3. Disclosure And Recusal Are Limited Remedies

The Ethics Act allows a public official to disclose a conflict and abstain from voting on a specific matter. However:

  • Disclosure does not eliminate the conflict; it only acknowledges it.
  • Repeated recusals can undermine effective representation.
  • Structural conflicts — where many routine matters implicate the same organization — are not cured by case-by-case abstention.

Pennsylvania Ethics Commission guidance has consistently warned that when conflicts are ongoing and inherent to the position, the appropriate remedy is separation from one of the roles, not perpetual recusal.

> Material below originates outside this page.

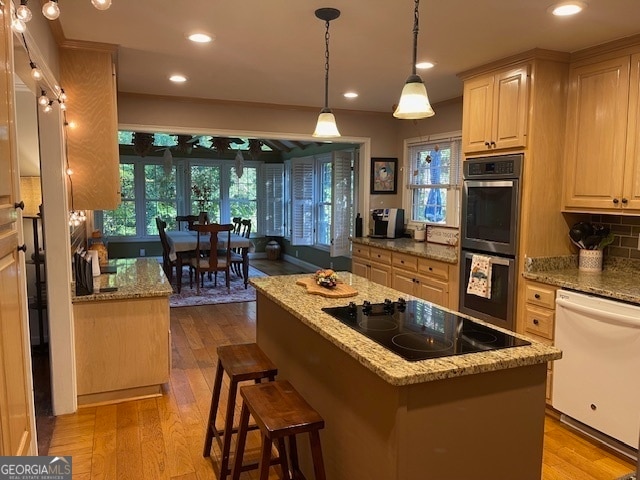 kitchen featuring white dishwasher, a center island, double oven, black electric cooktop, and light hardwood / wood-style floors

4. Appearance Of Impropriety And Public Confidence

The Ethics Act explicitly recognizes that public confidence is as important as technical compliance.

When:

  • A city partners with or funds a downtown organization
  • That organization’s executive director serves on council
  • And that same director holds a council leadership position

Residents may reasonably question whether downtown interests are receiving preferential treatment — regardless of intent. Pennsylvania courts and ethics opinions repeatedly note that the appearance of impropriety alone can undermine public trust, even in the absence of wrongdoing.

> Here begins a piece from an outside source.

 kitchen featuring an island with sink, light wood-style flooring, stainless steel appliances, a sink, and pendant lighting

Common Practice In Pennsylvania Municipalities

Across Pennsylvania, Main Street programs and municipal ethics advisors often discourage or prohibit executive directors from holding elected office in the same municipality. This is not a reflection on competence or integrity, but rather recognition that:

  • The missions inherently overlap
  • Conflicts are frequent and predictable
  • The risk to public trust is high

In many communities, officials faced with similar circumstances have chosen to resign from one role to preserve transparency and confidence in both institutions.

The Bottom Line

Shirley Dahrouge’s contributions to downtown DuBois are widely acknowledged and publicly supported. At the same time, Pennsylvania’s Ethics Act sets clear boundaries intended to prevent divided loyalties, recurring conflicts, and erosion of public trust.

When a paid executive of a nonprofit that regularly interacts with city government also serves as a voting and leadership member of that government, the conflict is not hypothetical — it is structural.

Under Pennsylvania ethics standards, such situations typically require a choice: serve the nonprofit or serve on city council, but not both.